ASSIGNMENT
When you give the entries again, keep every word as it stands and drop the pictures.

INPUT FOR THIS TASK
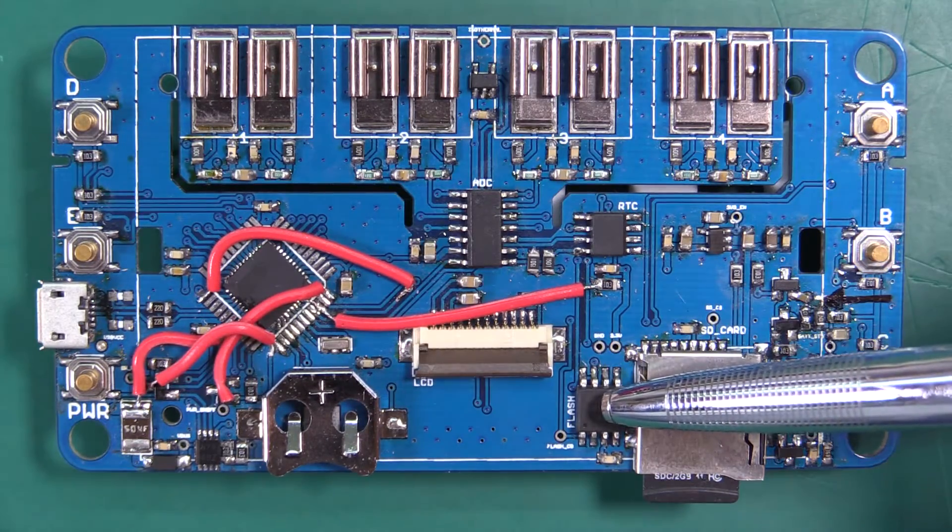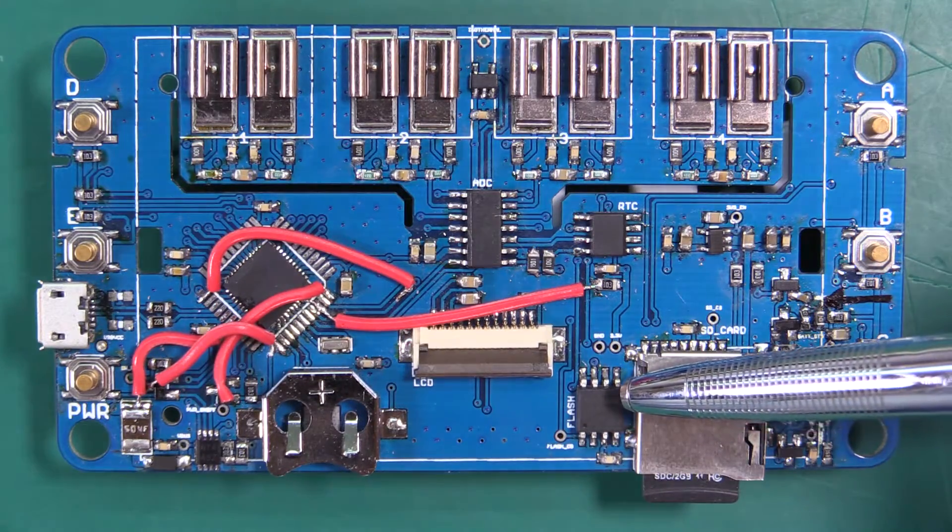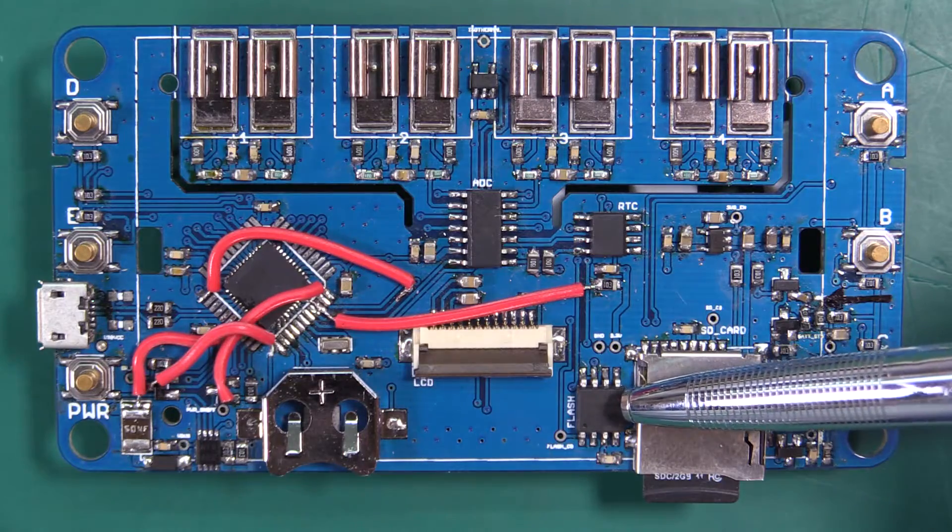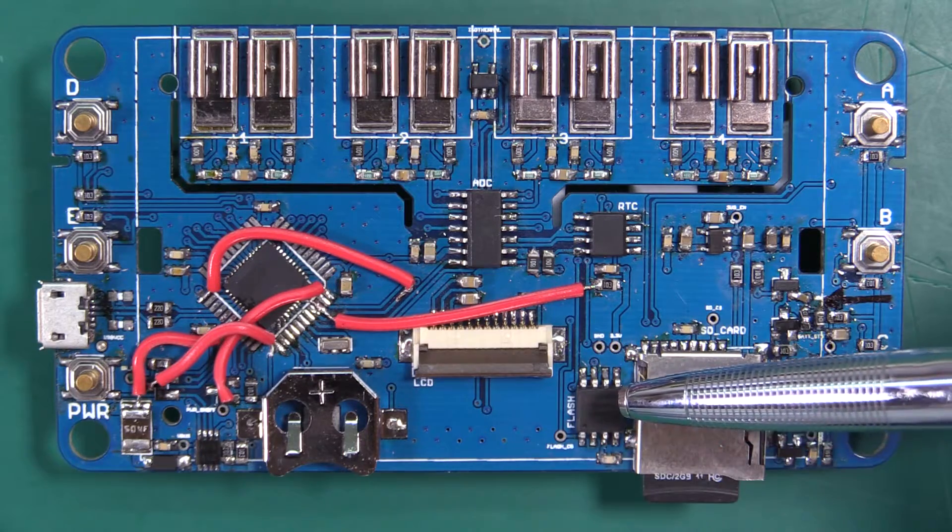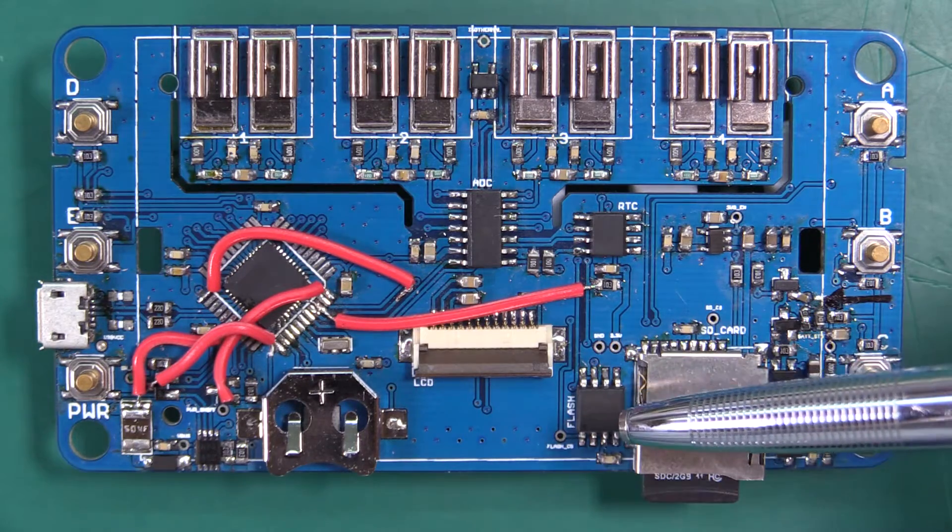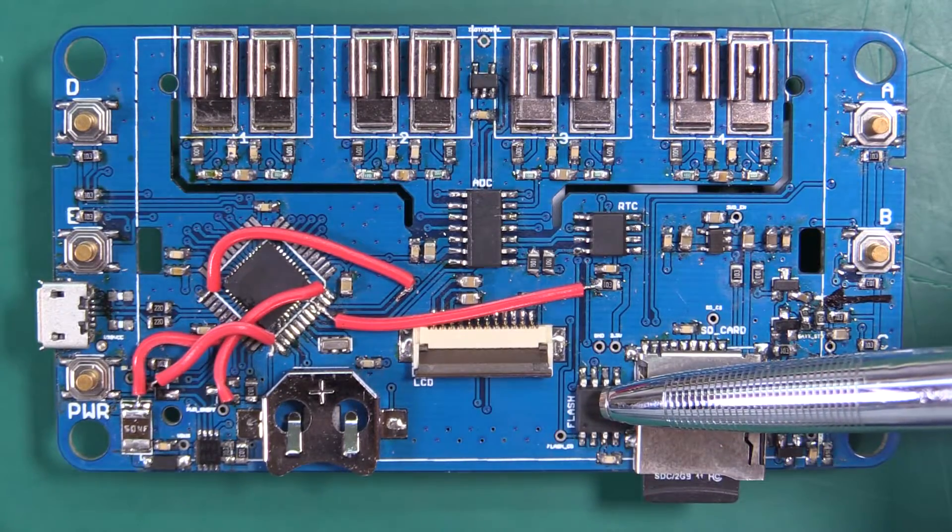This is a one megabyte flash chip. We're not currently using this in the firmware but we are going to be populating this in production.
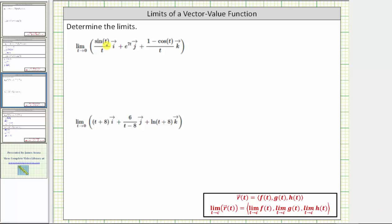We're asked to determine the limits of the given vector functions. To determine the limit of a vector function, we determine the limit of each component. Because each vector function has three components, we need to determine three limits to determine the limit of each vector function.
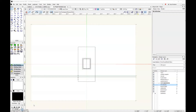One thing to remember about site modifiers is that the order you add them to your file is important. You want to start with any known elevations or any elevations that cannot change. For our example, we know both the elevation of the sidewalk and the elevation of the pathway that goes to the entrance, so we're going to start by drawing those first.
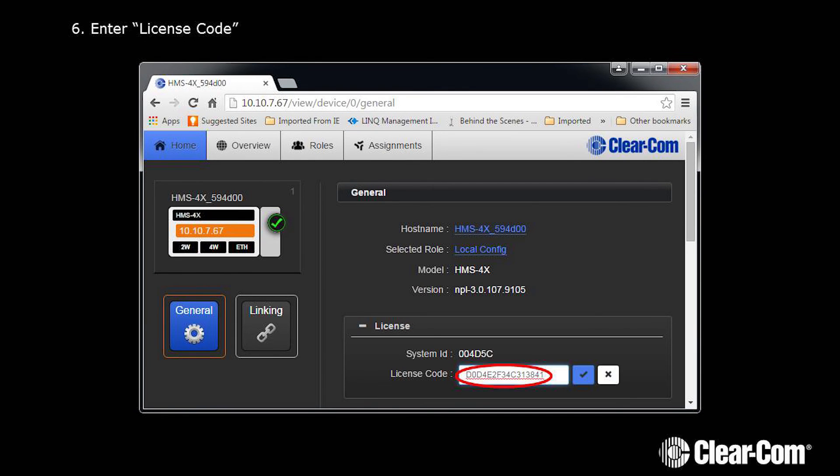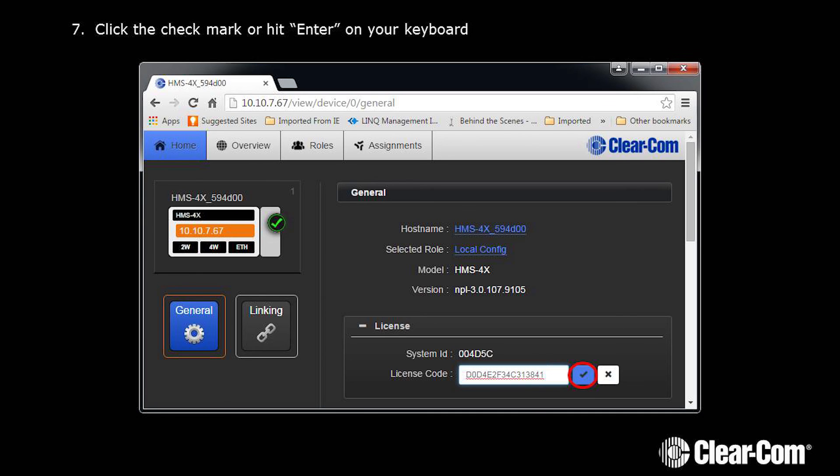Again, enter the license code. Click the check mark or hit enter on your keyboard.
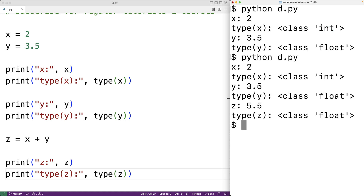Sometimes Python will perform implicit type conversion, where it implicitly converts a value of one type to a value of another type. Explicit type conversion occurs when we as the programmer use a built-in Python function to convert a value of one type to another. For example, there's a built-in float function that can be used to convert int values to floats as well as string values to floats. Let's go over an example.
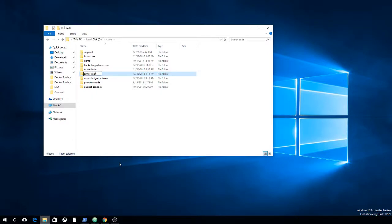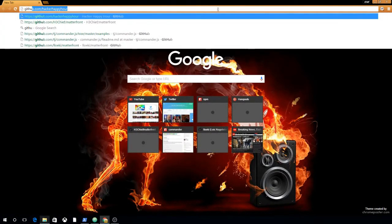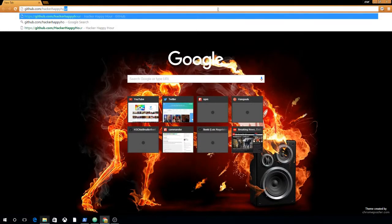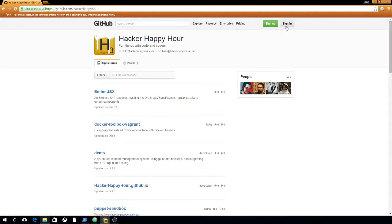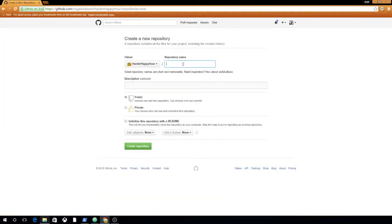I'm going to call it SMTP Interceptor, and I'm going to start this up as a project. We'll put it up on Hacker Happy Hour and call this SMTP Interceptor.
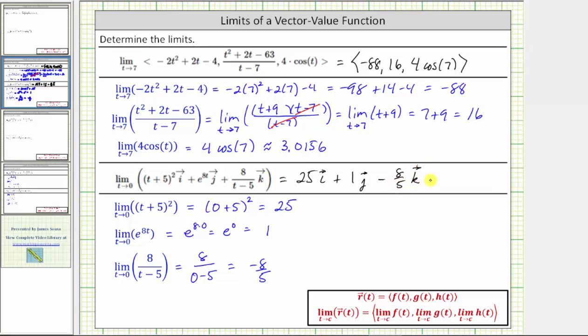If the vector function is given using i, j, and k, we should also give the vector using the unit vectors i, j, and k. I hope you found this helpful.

TASK RESULT
This is a one megabyte flash chip. We're not currently using this in the firmware but we are going to be populating this in production.
We're asked to determine the limits of the given vector functions. To determine the limit of a vector function, we determine the limit of each component. Because each vector function has three components, we need to determine three limits to determine the limit of each vector function.
One thing to remember about site modifiers is that the order you add them to your file is important. You want to start with any known elevations or any elevations that cannot change. For our example, we know both the elevation of the sidewalk and the elevation of the pathway that goes to the entrance, so we're going to start by drawing those first.
Again, enter the license code. Click the check mark or hit enter on your keyboard.
Sometimes Python will perform implicit type conversion, where it implicitly converts a value of one type to a value of another type. Explicit type conversion occurs when we as the programmer use a built-in Python function to convert a value of one type to another. For example, there's a built-in float function that can be used to convert int values to floats as well as string values to floats. Let's go over an example.
I'm going to call it SMTP Interceptor, and I'm going to start this up as a project. We'll put it up on Hacker Happy Hour and call this SMTP Interceptor.
If the vector function is given using i, j, and k, we should also give the vector using the unit vectors i, j, and k. I hope you found this helpful.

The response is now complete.